In his judgment in Jago Deane J held that:
“Once a court is seised of criminal proceedings, it has control of them. In the absence of applicable express statutory provision, that control includes the power – either inherent or implied – to ensure that the court’s process is not abused by the proceedings being made an instrument of unfair oppression. (citations omitted) The accused in such proceedings is entitled to invoke that power if he is being subjected to unreasonable delay in bringing on the trial. … There could be circumstances in which the effect of unreasonable delay is that any subsequent trial of the accused will necessarily be an unfair one. In such a case, an order that the trial be brought on would be inadequate and inappropriate.”
Section 32 of the Human Rights Act 2019 (Qld) relevantly provides that:
32 Rights in criminal proceedings
(2) A person charged with a criminal offence is entitled without discrimination to the following minimum guarantees—
(c) to be tried without unreasonable delay
Judge Reid declined to grant a permanent stay on the basis of unfairness, holding that the inability to identify witnesses who may provide evidence of a lack of opportunity to commit the alleged offences was unlikely to change the outcome of any trial of the matter. Furthermore, the delays since the 1980s and the likely loss of the ability of witnesses to accurately recall could be significantly ameliorated by providing a suitable Longman direction to the jury.
However, on the question of abuse of process or oppression, Judge Reid noted the history of the matter, including the long delays and the two prior proceedings to prosecute him in respect of the same charges, which would inevitably inflict the risk of personal liberty, stress, inconvenience and legal fees on a criminal defendant. Judge Reid also noted that the delays had been occasioned by the Office of the Director of Public Prosecutions not Volkers, and that Volkers’ reputation and career had been severely tarnished by the publicity surrounding the history of the matter. Judge Reid held that he would have found that Volkers’ rights to a speedy trial under the Human Rights Act had been violated had the delay occurred prior to the enactment of that legislation. For these reasons, a permanent stay was ordered.
This case provides a salutary lesson for prosecuting authorities of the need to have matters proceed to trial without unnecessary and unreasonable delay. Whilst entering a nolle prosequi/no true bill does not prevent the recommencing of criminal proceedings later on in respect of the same matters, it is something which can be highly relevant to whether or not the criminal proceedings are unduly oppressive and amount to an abuse of process. This decision shows that the burden of criminal proceedings on a criminal defendant is something which the Courts recognise, and when there is a long history involving nolle prosequis or other proceedings related to the same matter, the Court will consider staying the proceeding. The Human Rights Act will in the future provide a new source of jurisdiction for Courts to stay such criminal proceedings.

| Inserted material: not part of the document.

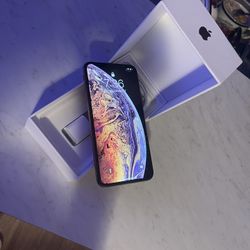 iPhone XS Max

Of course, the trauma inflicted on the complainants through the long history is something which must also be recognised. They will never get their day in Court and in their eyes, Volkers will now never face justice. In our opinion, the source of the problem was in the Office of the Director of Public Prosecutions not pursuing the matter to trial in 2002/2003. A verdict at trial either way would have avoided the significant controversy and continuation of the matter that followed. In future, prosecuting authorities need to either push matters to trial or abandon them permanently to avoid similar cases.